Penstemons come in a wide array of colors. “Red Rocks,” pictured above, is one of the showiest. Many of the penstemon flowers are big enough for full-sized bumble bees to enter, so expect some of these gentle visitors when the plants are in bloom.
Penstemons need full sun. They prefer deep watering when the top layer of soil has dried down. Cut back the upright stems just below the lowest flowers as the blossoms fade and these hardy perennials will keep the show coming!
Lavender: one of the queens of hot weather gardens
It’s wonderfully fragrant. It’s easy to grow. And the bees love it! Why wouldn’t you grow lavender?
Lavender doesn’t ask for much. It wants at least six hours of full sun. The planting hole should be amended with perlite or some form of grit to encourage excellent drainage. And it should get deep, but infrequent watering. Meet those basic requirements, all of the many forms of perennial lavender will thrive in hot spots in your landscape.
Lavender variety plant heights and bloom times vary. Our Perennials Department staff can help guide you. Check out my blog from mid-July for more on this elegant herb.
Coneflowers: a workhorse in a hot weather garden
Want a plant that works as hard in your garden as you do? Plant coneflowers, also know as “echinacea.”
As seen above and at the top of the blog, coneflower blossoms can be yellow, pink or white or bold shades of burgundy, deep pink, orange or purple.
Coneflower blossoms are held high on stiff, upright stems. The flowers are especially popular with honey bees and other pollinators.
Coneflowers require full sun.

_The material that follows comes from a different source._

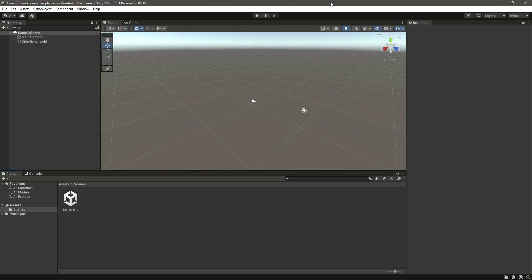In our previous video we created our Unity project. In this video we will add an environment to our project. As you can see right here, we have this environment WinRAR file.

Their moisture needs are somewhat adaptable, from moderate to slightly dry. You’ll find they laugh at the heat, and just keep coming back for more!
Last, but not least: Russian Sage
I’ve saved Russian sage for the end of this short list because this plant isn’t for every gardener or every setting. Russian sage can be a bully!
I plant lots and lots of Russian sage for my honey bees. Each spring, I’d swear it was dead. But by late spring, it’s come to life, and by mid-summer, it’s put on lots of new growth and is loaded with tiny nectar-packed flowers…. a real luxury for the bees in the summer heat.
But know that Russian sage was born to run. It will spread like crazy if you let it. If you can give it its own space, and don’t mind if it fills it fairy aggressively (as in my case), no problem. But it’s not likely to “Sit! Stay!” unless you’re careful to put down some landscape fabric to discourage it’s spread.
Still, once Russian sage gets established, after a couple of seasons of growth, it’s just about indestructible. The only thing that it won’t tolerate is significant shade or soggy soil.